In 1879, a German royal named Otto Franc von Lichtenstein founded the Pitchfork Ranch along the Greybull River in Wyoming Territory’s Bighorn Basin. Eight years later, on Nov. 26, 1887, Charles Belden, who would come to that ranch as an adult, was born in San Francisco.
He was the grandson of Josiah Belden, who traveled west with the 1841 Bidwell-Bartelson party, first wagon train of settlers to use what would become the Oregon Trail. Charles later recalled taking pack trips in the Kings and Kern river areas after he turned 10 years old. An uncle showed him how to take photographs in those days of glass plates. “We invariably had two and three pack mules loaded down with cameras, plates and equipment and I doubt if more pains have even been taken to photograph that region,” he wrote in a 1927 letter to his friend Mary Jester Allen.
Belden finished high school in Ross, Calif., and then attended the Massachusetts Institute of Technology where he studied mechanical engineering. In the summer of 1909, he and a couple of college friends traveled throughout Europe and Russia, logging more than 3,000 miles in “the empire of the Czar,” he wrote in the letter years later. Their 1908 Packard touring car, supposedly the first car driven for pleasure through Russia, caused a sensation and they “were feted and honored in all of the larger cities ... .”

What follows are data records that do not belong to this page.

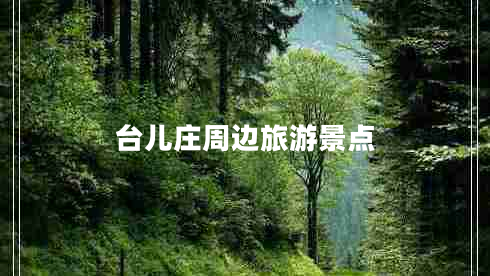 臺兒莊周邊旅游景點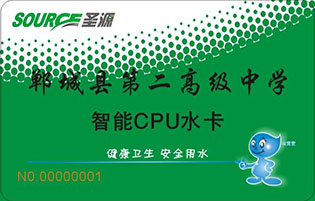 郸城县第二高级中学学校直饮水项目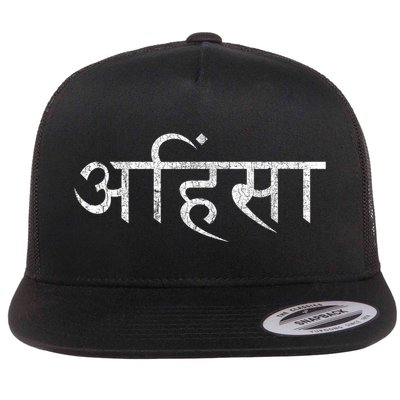Ahimsa Sanskrit Yoga Nonviolence Flat Bill Trucker Hat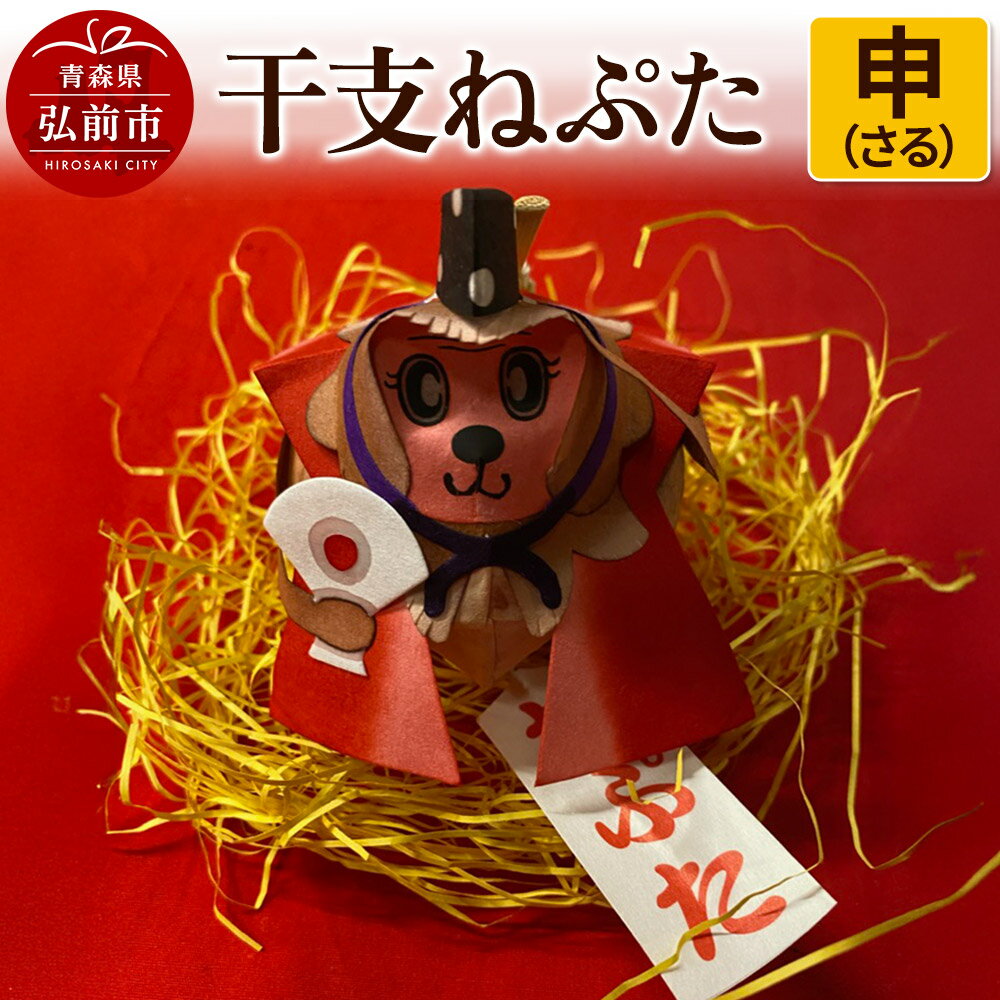 【ふるさと納税】干支ねぷた 申（さる）【民芸品 工芸品 】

For the trip, Charles purchased a Zeiss Minimum Palmos camera which used 4 x 5 inch glass plates, but, for its time, was considered a portable camera. It could withstand rough conditions and, with its fast shutter speed, take action shots. The camera cost approximately $25. He recorded sights in England, Germany, Switzerland, Italy and Russia, just eight years before the end of the reign of the czars.
One of the friends on the tour was Eugene Phelps, whose father, Montana land magnate L.G. Phelps, had purchased Wyoming’s Pitchfork Ranch in 1903 following the death of Otto Franc.
On their return to the United States, Belden worked in an engine factory, serving as an apprentice in the machine shop for two years. On a visit to the Pitchfork, he loved the ranch and became smitten as well with Eugene’s sister, Frances. They married on Feb. 1, 1913 and came to live on the Pitchfork Ranch in 1914. The next year, the ranch business was expanded to include dudes, with Frances and Charles managing the operation. By 1922, the couple had three children, Margot, Annice and Mary Elizabeth, who died as a youngster.
Eugene’s father died in 1922. The ranch became the property of Eugene Phelps and Charles Belden. Frances Phelps Belden recalled that the two battled constantly. Eugene was more interested in engineering and inventing things than in financial matters, and Charles enjoyed his photography much more than tending to the business.
Frances explained in the reminiscences she shared with Jack Turnell for his 1978 history of the Pitchfork Ranch that her family “resented” Charles’ publications in magazines like National Geographic and his subsequent promotional lecture tours, even though she championed these activities as good advertisements for the Pitchfork. She wrote, “Coupled with inheritance taxes, which took almost all our holdings outside the ranch, poor management and the rapidly coming depression of the ’30s, the Pitchfork was under great monetary strain.”
Belden explained in his 1927 letter to Mary Jester Allen that, “… I set about to secure as complete a story as possible pictorially and photographically of the different phases and incidents of handling cattle on the range.”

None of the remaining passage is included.